The keyboard cable to the PCB through connectors KB1 and KB2 had become brittle and partially disintegrated, rendering the keyboard unusable. This is a common problem with the Sinclair membrane keyboards, so much so that replacements are readily available on eBay.
All the remnants from the old cable need to be removed from connectors KB1 and KB2 before installing the new keyboard. Using tweezers, picks, and a magnifying lens helps to get all the bits out.
I modified the RF output video signal so that it bypasses the RF Modulator and instead outputs a composite video signal. I used the "single transistor, 2 resistor" design. The composite video signal produced is not fully compliant, but is good enough to work on my TV with a composite video input. However, my cheap composite-to-HDMI converter box has difficulty with consistently syncing to the signal.
Circuit modifications:
- Although I left it in place, I think it should be possible to remove the existing circuit board inside the RF shield can
- Outside of the shield can, unsolder the middle wire from the "USA" via and move it to the "2" via (this is the video output signal from the ULA chip) (photo)

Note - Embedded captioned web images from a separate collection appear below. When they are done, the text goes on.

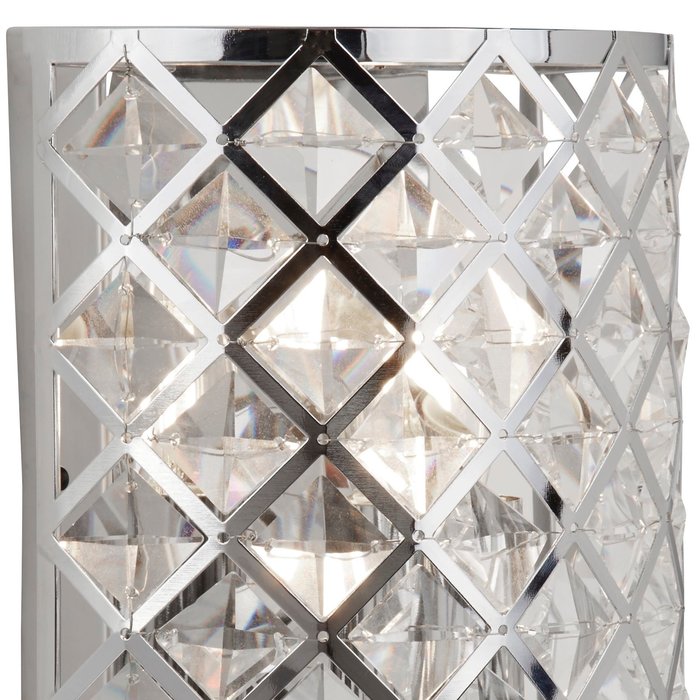 Houston - Glass & Polished Chrome Flush Wall Light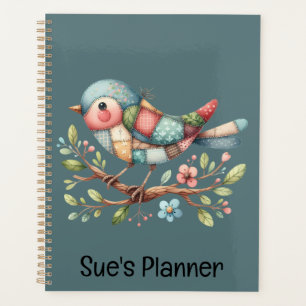 Patchwork-Singvogel auf blühendem Ast Planer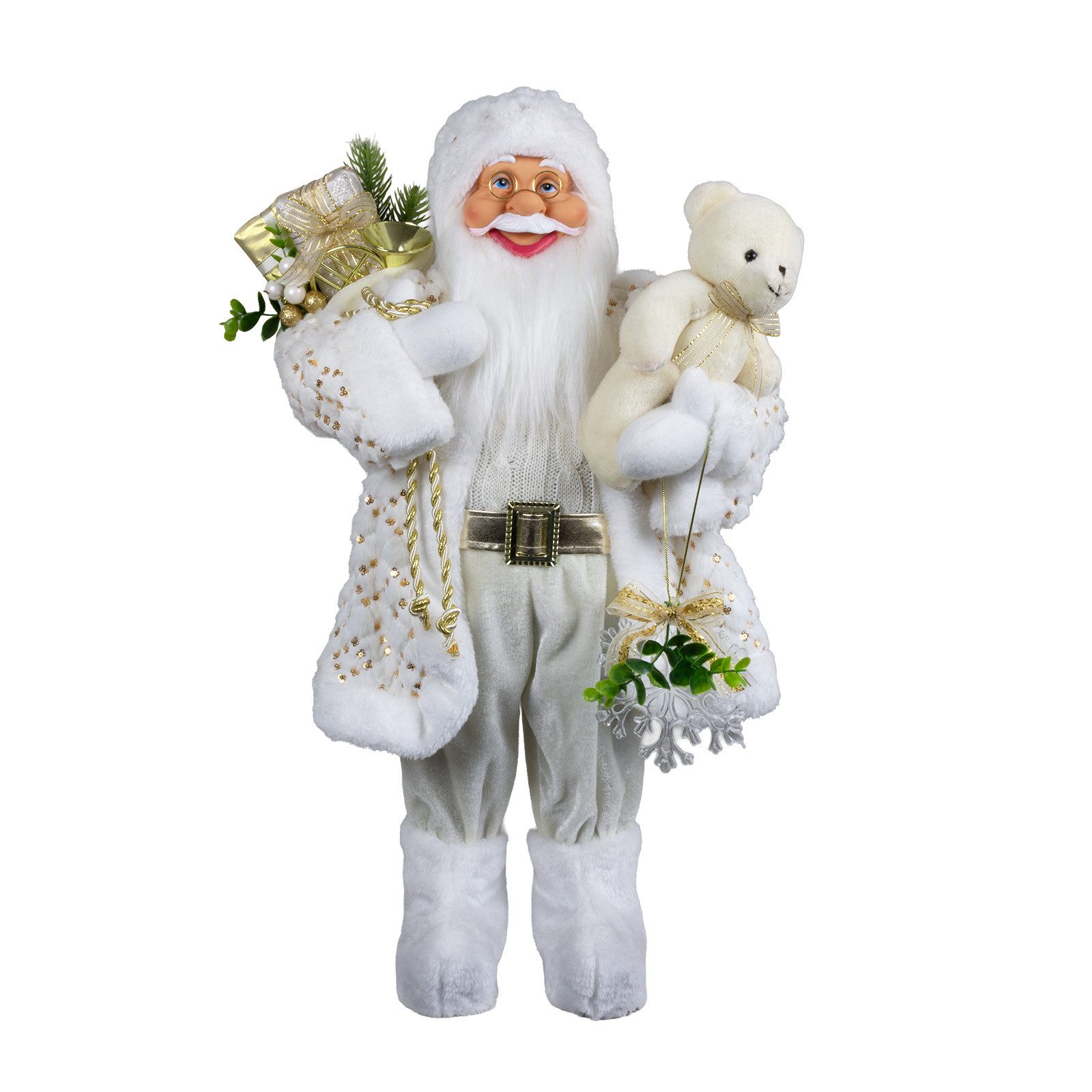 Christmas Paradise Weihnachtsmann stehend 60cm (Santa, 1 St., stehend), weiß-gold mit Teddybär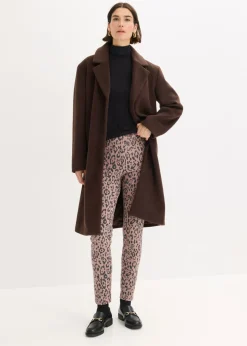 bonprix bonprix Pantalón sin cierre de viscosa de Punto di Roma estampado leo marrón mate-antracita Clearance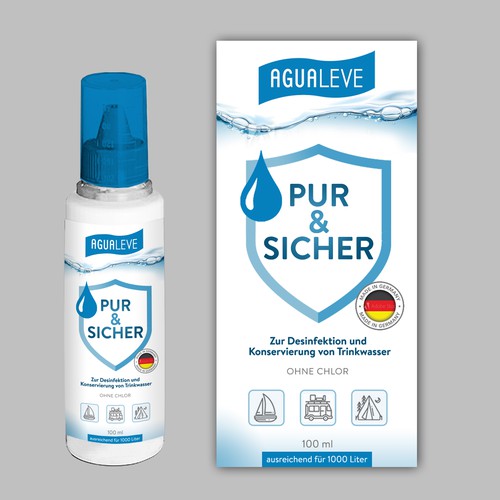 Water disinfection product - label design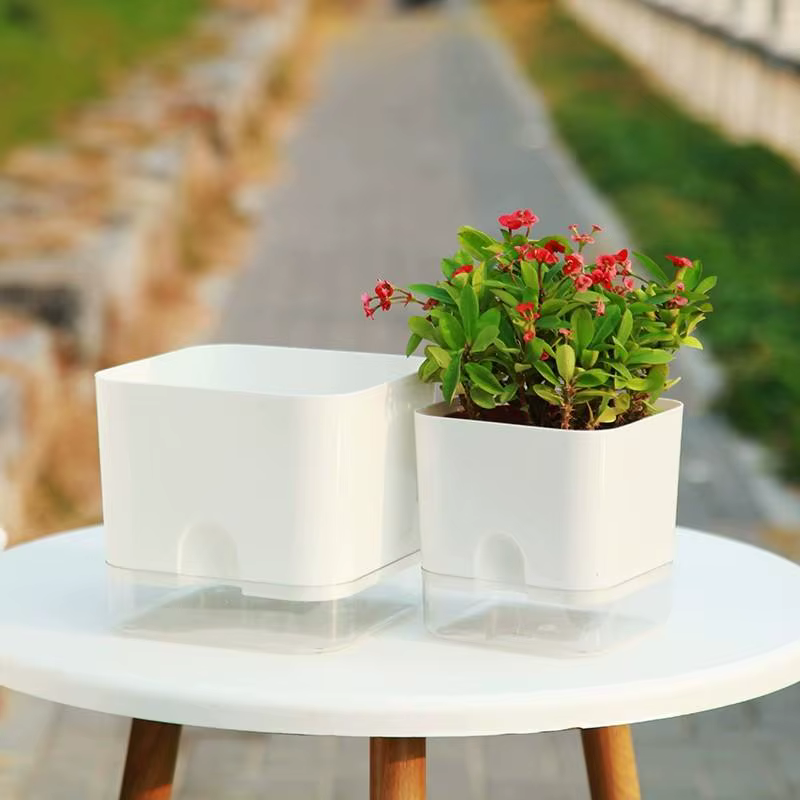 Pot de fleurs auto-arrosant blanc carré à double couche pour plantes d'intérieur et d'extérieur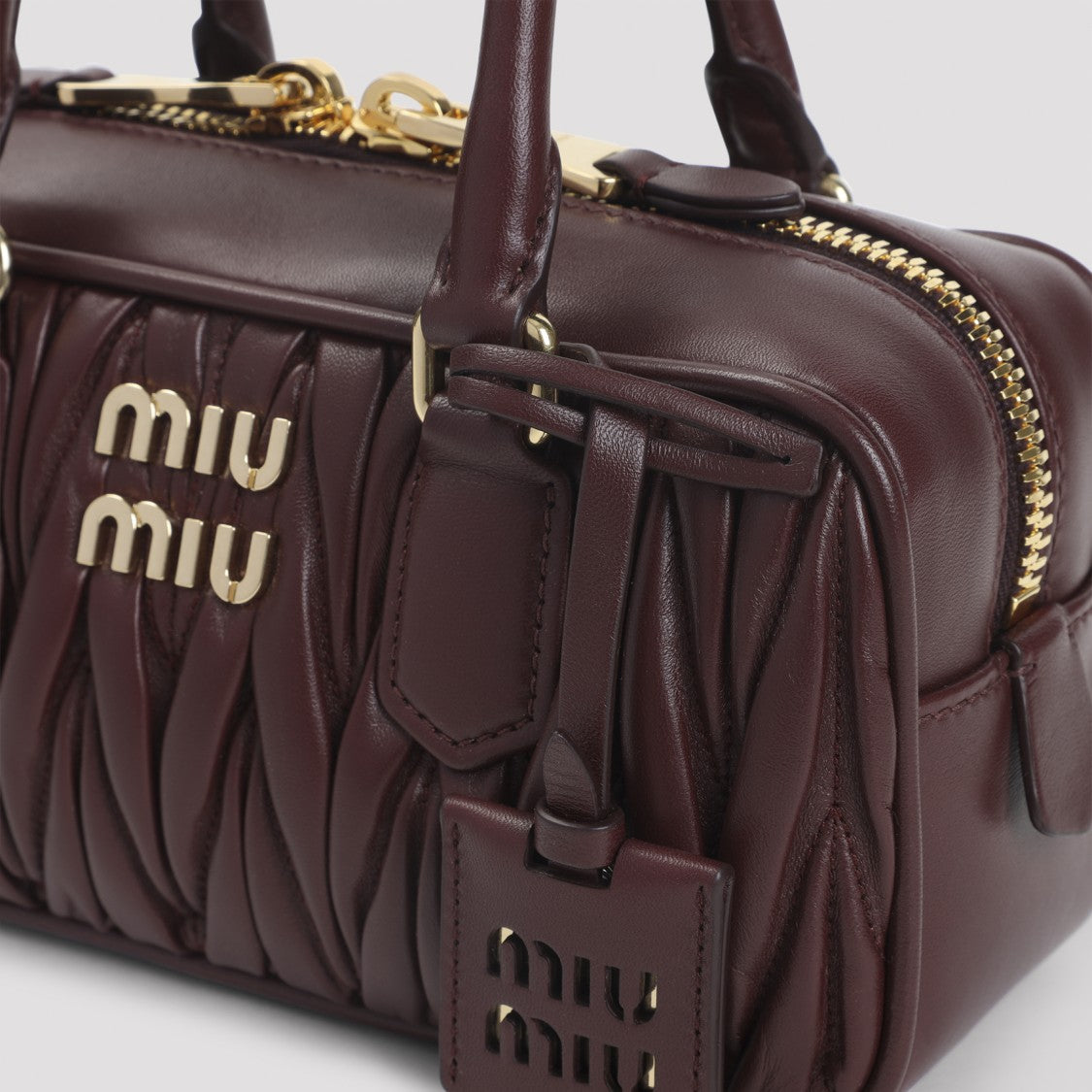 Miu Miu Bordeaux Matelassé Lamb Leather Handbag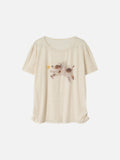 Cute Dog Print Relaxed Fit T-Shirt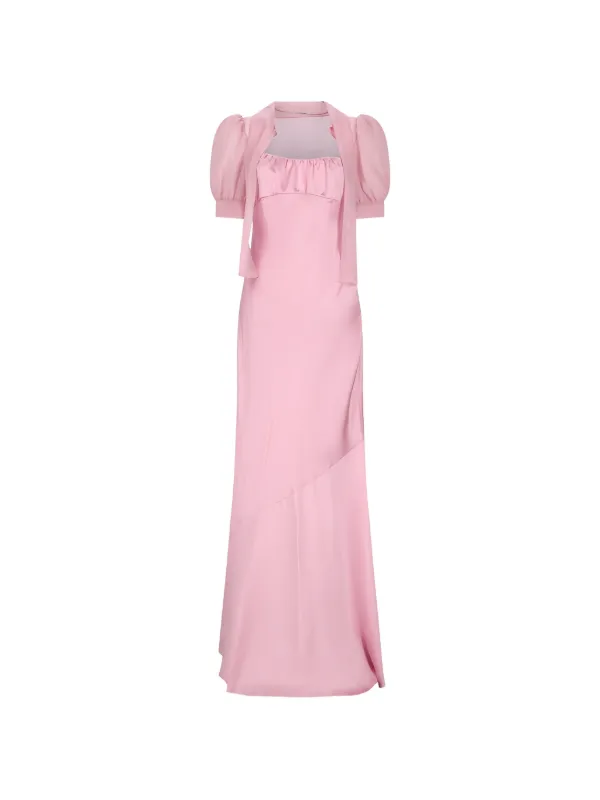 Alessandra Rich Short-sleeve Georgette Maxi Dress in Pink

- Inside the shield can, cut the 5V and video signal wires from the circuit board inside the can (leave enough wire to solder the transistor legs)
- Remove the channel select switch (near the regulator)
- Solder a jumper between the two switch vias nearest the regulator to route 5V to the RF shield can (see photo)
- Cut the RF signal wire connected to the RCA jack (see photo)
- Disconnect the two parts behind the RCA socket (see photo)
- Install the transistor/resistor modification. I used a general-purpose 2N3904 transistor:
- Collector pin to 5V wire coming into shield can
- Solder two resistors to the emitter pin
- 18 Ohm resistor between the emitter and the RCA output connector
- 100 Ohm resistor between the emitter and to ground (RF shield can)
- Base pin to video input wire
- Post-rework photo; note the electrical tape under the transistor and on the side of the shield can to insulate against possible shorts
All the other TS1000 and ZX81 restoration articles discuss removing the 7805 voltage regulator and replacing it with a switching DC-DC converter (like a Traco TSR 1-2450). However, since everyone has a pile of regulated 5V USB wall chargers, why not just bypass the regulator circuit and power the board directly with a regulated 5V supply? The main disadvantage to this approach is that 9 V is no longer available on the edge connector; that pin will supply 5 V instead. I am not sure if there are any cartridges that make use of the 9 V power. A 500 mA supply should be sufficient, but I ran across one reference that suggested that the TS1000 needs up to 700 mA.
This requires a few modifications to the PCB:
- Remove inductors I1 and I2
- Remove capacitors C13 and C14 (note that these are radial capacitors that look like resistors, but have a light green tint)
- Remove the 7805 voltage regulator and attached heatsink
- Solder jumper wires across the old I1 and I2 vias (i.e., replace I1 and I2 with zero ohm resistors)
- Solder a jumper across the regulator input and output vias, making sure not to connect the middle pin
- These are the two outer pins on the regulator (the middle pin is ground)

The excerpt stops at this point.